Larry M. Elkin, CPA, CFP®, has provided personal financial and tax counseling to a sophisticated client base since 1986. After six years with Arthur Andersen, where he was a senior manager for personal financial planning and family wealth planning, he founded his own firm in Hastings on Hudson, New York in 1992. That firm grew steadily and became the Palisades Hudson organization, which moved to Scarsdale, New York in 2002. The firm expanded to Fort Lauderdale, Florida, in 2005, and to Atlanta, Georgia, in 2008.

Larry received his B.A. in journalism from the University of Montana in 1978, and his M.B.A. in accounting from New York University in 1986. Larry was a reporter and editor for The Associated Press from 1978 to 1986. He covered government, business and legal affairs for the wire service, with assignments in Helena, Montana; Albany, New York; Washington, D.C.; and New York City’s federal courts in Brooklyn and Manhattan.

Larry established the organization’s investment advisory business, which now manages more than $800 million, in 1997. As president of Palisades Hudson, Larry maintains individual professional relationships with many of the firm’s clients, who reside in more than 25 states from Maine to California as well as in several foreign countries. He is the author of Financial Self-Defense for Unmarried Couples (Currency Doubleday, 1995), which was the first comprehensive financial planning guide for unmarried couples. He also is the editor and publisher of Sentinel, a quarterly newsletter on personal financial planning.

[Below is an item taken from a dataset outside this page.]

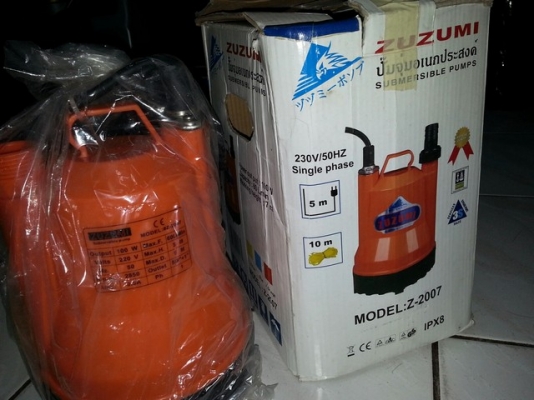 ขายปั้มจุ่มอเนกประสงค์  ZUZUMI ของใหม่มีตัวเดียวซื้อมาไม่ได้ใช้ครับ 1200 บาท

Larry has written many Sentinel articles, including several that anticipated future events. In “The Economic Case Against Tobacco Stocks” (February 1995), he forecast that litigation losses would eventually undermine cigarette manufacturers’ financial position. He concluded in “Is This the Beginning Of The End?” (May 1998) that there was a better-than-even chance that estate taxes would be repealed by 2010, three years before Congress enacted legislation to repeal the tax in 2010. In “IRS Takes A Shot At Split-Dollar Life” (June 1996), Larry predicted that the IRS would be able to treat split dollar arrangements as below-market loans, which came to pass with new rules issued by the Service in 2001 and 2002.

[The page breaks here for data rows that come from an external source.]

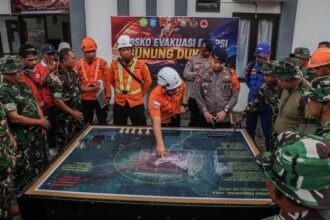 Terjebak di Tebing Terjal 25 Meter, 6 Mahasiswa Unhas Kelelahan dan Kram Berhasil Dievakuasi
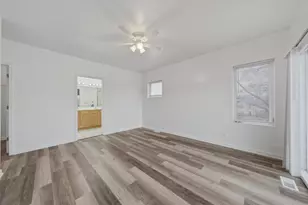 214 E 37th St, Chicago, IL 60653 - Photo 14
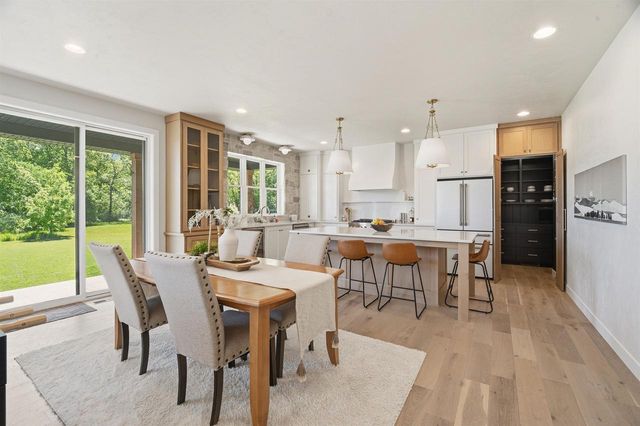 N9250 CASSANDRA WAY, Appleton, WI 54915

More recently, Larry has addressed the causes and consequences of the “Panic of 2008″ in his Sentinel articles. In “Have We Learned Our Lending Lesson At Last” (October 2007) and “Mortgage Lending Lessons Remain Unlearned” (October 2008), Larry questioned whether or not America has learned any lessons from the savings and loan crisis of the 1980s. In addition, he offered some practical changes that should have been made to amend the situation. In “Take Advantage Of The Panic Of 2008” (January 2009), Larry offered ways to capitalize on the wealth of opportunity that the panic presented.

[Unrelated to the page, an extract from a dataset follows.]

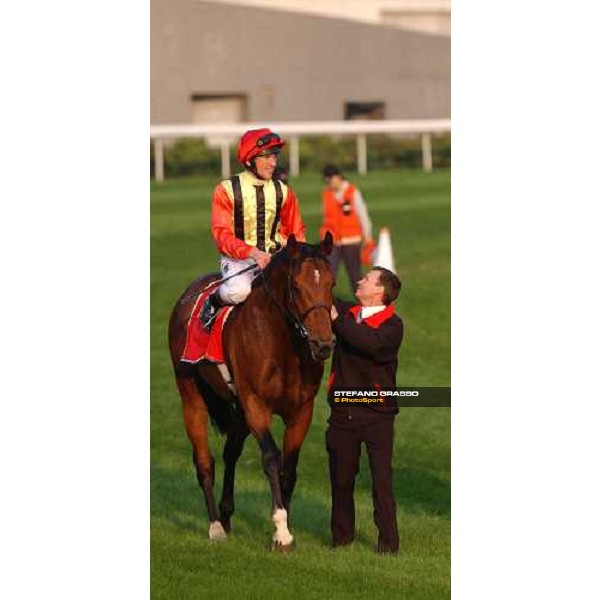 Frankie Dettori- Falbrav and Keith Leddington Sha Tin 14-12-03 ph. Stefano Grasso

Larry served as president of the Estate Planning Council of New York City, Inc., in 2005-2006. In 2009 the Council presented Larry with its first-ever Lifetime Achievement Award, citing his service to the organization and “his tireless efforts in promoting our industry by word and by personal example as a consummate estate planning professional.” He is regularly interviewed by national and regional publications, and has made nearly 100 radio and television appearances.